DocketNumber: S.F. No. 2883.
Citation Numbers: 73 P. 466, 139 Cal. 630, 1903 Cal. LEXIS 879
Judges: Cooper
Filed Date: 7/18/1903
Status: Precedential
Modified Date: 10/19/2024
This action was brought to recover damages for breach of contract to marry. The case was tried with a jury, and a verdict rendered for plaintiff in the sum of seven hundred and fifty dollars, upon which judgment was entered. This appeal is from the judgment and order denying defendant's motion for a new trial.
1. It is claimed that the court erred in overruling the defendant's demurrer to the complaint. The complaint was filed August 11, 1900. The contract to marry is alleged to have been made on August 10, 1898, and the breach or refusal of defendant to marry the plaintiff is alleged to have occurred on the ninth day of August, 1900. The defect relied upon is, that the complaint alleges that plaintiff was at all times up to and including the ninth day of August, 1900, ready and willing to marry the defendant, and that it does not allege that she was ready and willing to marry defendant after August 9, 1900, up to the time of filing the complaint, August 11, 1900. The complaint was sufficient in the respect pointed out. The breach occurred on August 9, 1900, at which time it is alleged defendant refused to marry plaintiff, although plaintiff was ready and willing to marry the defendant. It is further alleged in the complaint that the defendant not only refused to marry the plaintiff on the ninth day of August, 1900, but that he continued to refuse up to the time of filing the complaint. When the defendant broke his promise the plaintiff had a cause of action. The breach occurred then and there. The plaintiff was not required to further request the defendant to marry her after she had once done so and he had refused. If the defendant had afterwards repented of his refusal, and before the complaint was filed had gone to plaintiff and asked her forgiveness, *Page 632 and offered to carry out his contract, that might present a different question. But nothing of the kind seems to have occurred, for in the answer the defendants "admits that on the said ninth day of August, 1900, he refused to marry said plaintiff at any time, or ever, or at all, and that he still refuses so to do." Not only this, but the demurrer was general. It did not in any way point out the alleged defect in the complaint.

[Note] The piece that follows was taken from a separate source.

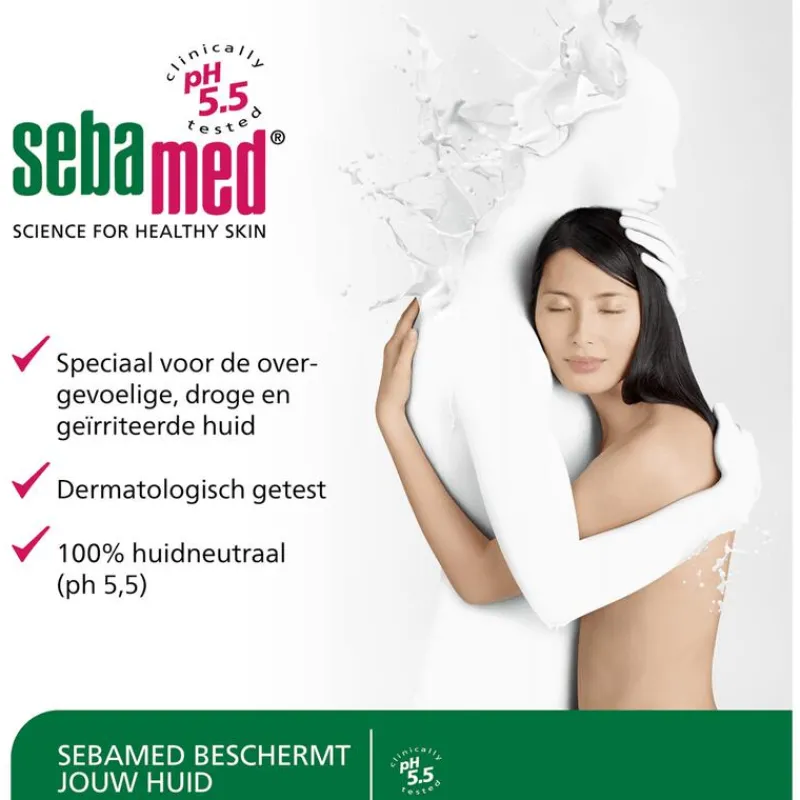 Sebamed Hydraterende Bodylotion 200 ML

2. There is no merit in the contention that the cause of action was barred because not brought within two years after the contract was entered into. The cause of action arose by reason of the breach of the contract, and not by reason of the contract. The action was brought two days after the cause of action accrued. It could not have been brought before the breach.
3. It is claimed that the plaintiff was not capable of entering into a contract to marry in August, 1898, for the reason that she was divorced from her husband, Joe Buelna, on June 20, 1898, and that under the provisions of section
4. It is claimed that the plaintiff was a married woman at the time of the contract, and for this reason incapable of entering into the contract to marry. The plaintiff, to prove that she was a single woman, introduced the judgment-roll in a divorce suit between herself and her former husband, rendered in the superior court of San Benito County on the twentieth day of June, 1898. It is claimed that the decree of divorce is void on its face, and can be attacked collaterally for the reason that it does not show that the plaintiff had been a resident of the state for one year and of the county for three months at the time the action was commenced. If it be conceded (which it is not) that the jurisdiction of the superior court must affirmatively appear in the decree, we think the decree answers the requirement. The complaint alleges: "That plaintiff was born in the state of California over forty years ago, and has been a bona fide resident of said state all her life; that she is now and has been a bona fide resident of San Benito County in said state for the eighteen months last past." The decree recites: "That all allegations of the complaint are sustained by testimony." This affirmatively shows jurisdiction in the respects pointed out.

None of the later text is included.